保管時暗号化が有効でないAppSync APIキャッシュには、以下のセキュリティリスクがあります:

データ漏洩リスク

  • キャッシュされたAPIレスポンスが平文で保存されるため、基盤となるストレージが侵害された場合、機密データが露出する可能性があります
  • キャッシュメモリからディスクへのスワップ操作時に、暗号化されていないデータが一時的にディスクに書き込まれるリスクがあります

内部脅威への脆弱性

  • 権限を持つ内部ユーザーが、暗号化されていないキャッシュデータに不正アクセスする可能性があります
  • 監査証跡が不十分な場合、不正アクセスの検出が困難になります

修復方法

コンソールでの修復手順

AWSのコンソールを使用して、AppSync APIキャッシュの保管時暗号化を有効にします。

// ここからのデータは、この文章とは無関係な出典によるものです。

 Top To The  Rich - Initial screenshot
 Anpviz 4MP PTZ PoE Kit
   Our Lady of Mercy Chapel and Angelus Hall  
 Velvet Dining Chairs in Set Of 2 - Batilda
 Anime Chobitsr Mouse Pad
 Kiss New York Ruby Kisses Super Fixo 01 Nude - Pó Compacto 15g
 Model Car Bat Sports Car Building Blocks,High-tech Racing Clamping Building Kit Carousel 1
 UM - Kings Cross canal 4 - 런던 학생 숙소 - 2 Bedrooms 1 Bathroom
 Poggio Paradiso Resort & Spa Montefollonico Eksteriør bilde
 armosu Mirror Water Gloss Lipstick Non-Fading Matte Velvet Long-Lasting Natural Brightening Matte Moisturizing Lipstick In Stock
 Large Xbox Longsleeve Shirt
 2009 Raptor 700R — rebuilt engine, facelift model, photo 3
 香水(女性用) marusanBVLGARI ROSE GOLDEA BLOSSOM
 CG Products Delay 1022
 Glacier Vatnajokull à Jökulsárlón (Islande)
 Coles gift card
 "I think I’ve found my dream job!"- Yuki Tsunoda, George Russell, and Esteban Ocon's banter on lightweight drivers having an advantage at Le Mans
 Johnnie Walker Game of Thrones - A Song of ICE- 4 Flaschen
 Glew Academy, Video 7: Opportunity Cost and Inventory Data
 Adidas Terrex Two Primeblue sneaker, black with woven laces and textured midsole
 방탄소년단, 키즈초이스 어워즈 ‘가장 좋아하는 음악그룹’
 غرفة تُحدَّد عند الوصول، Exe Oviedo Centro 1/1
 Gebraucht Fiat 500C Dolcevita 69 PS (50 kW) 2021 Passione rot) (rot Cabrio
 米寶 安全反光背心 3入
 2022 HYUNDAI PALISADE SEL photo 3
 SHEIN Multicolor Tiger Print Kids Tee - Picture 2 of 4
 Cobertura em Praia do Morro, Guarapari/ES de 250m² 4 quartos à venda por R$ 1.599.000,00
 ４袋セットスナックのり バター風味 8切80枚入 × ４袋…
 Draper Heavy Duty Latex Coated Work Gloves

重要な注意事項: 既存の暗号化されていないキャッシュは、暗号化設定を変更できません。一度削除してから再作成する必要があります。

既存の暗号化されていないキャッシュの修復手順:

  1. AWS管理コンソールにログインし、サービス検索バーで「AppSync」を検索してクリックします
  2. 対象のGraphQL APIを選択
    • AppSyncダッシュボードで、修復が必要なAPIの名前をクリックします
  1. キャッシュ設定に移動
    • 左側のナビゲーションペインで「設定」をクリックします
    • 「キャッシング」セクションまでスクロールします
  2. 既存キャッシュの削除
    • 現在のキャッシュ設定を確認します
    • 「キャッシュを無効化」または「削除」ボタンをクリックします
    • 確認ダイアログで削除を実行します
    • 注意: この操作によりキャッシュされたデータがすべて失われます
  3. 新しい暗号化されたキャッシュの作成
    • 「キャッシングを有効化」ボタンをクリックします
    • 以下の設定を行います(用途に応じて最適な値で設定するようにしましょう)
      • キャッシング動作: 選択肢から選びます
        • 「完全リクエストキャッシング」(FULL_REQUEST_CACHING)
        • 「リゾルバー単位のキャッシング」(PER_RESOLVER_CACHING)
        • 「操作レベルのキャッシング」(OPERATION_LEVEL_CACHING)
      • インスタンスタイプ: キャッシュサイズを選択(SMALL、MEDIUM、LARGE等)
      • TTL(秒): 1~3600秒の間で設定
  1. 保存して適用
    • 「保存」または「キャッシュを作成」ボタンをクリックします
    • 2025年以降は保管時暗号化が自動的に有効化されます(手動設定不要)
  2. 設定の確認
    • キャッシュ設定画面で暗号化が有効になっていることを確認します
    • AWS Security Hubでコントロールのステータスが「準拠」に変わることを確認します

Terraformでの修復手順

AWS AppSync APIキャッシュの保管時暗号化を有効にするTerraformコードと、主要な修正ポイントを説明します。

# AppSync GraphQL API
resource "aws_appsync_graphql_api" "main" {
  name                = "secure-graphql-api"
  authentication_type = "API_KEY"

  # ロギング設定(推奨)
  log_config {
    cloudwatch_logs_role_arn = aws_iam_role.appsync_logs.arn
    field_log_level          = "ERROR"
  }

  tags = {
    Name        = "secure-graphql-api"
    Environment = "production"
    Security    = "encrypted"
  }
}

# APIキー
resource "aws_appsync_api_key" "main" {
  api_id      = aws_appsync_graphql_api.main.id
  description = "API key for secure GraphQL API"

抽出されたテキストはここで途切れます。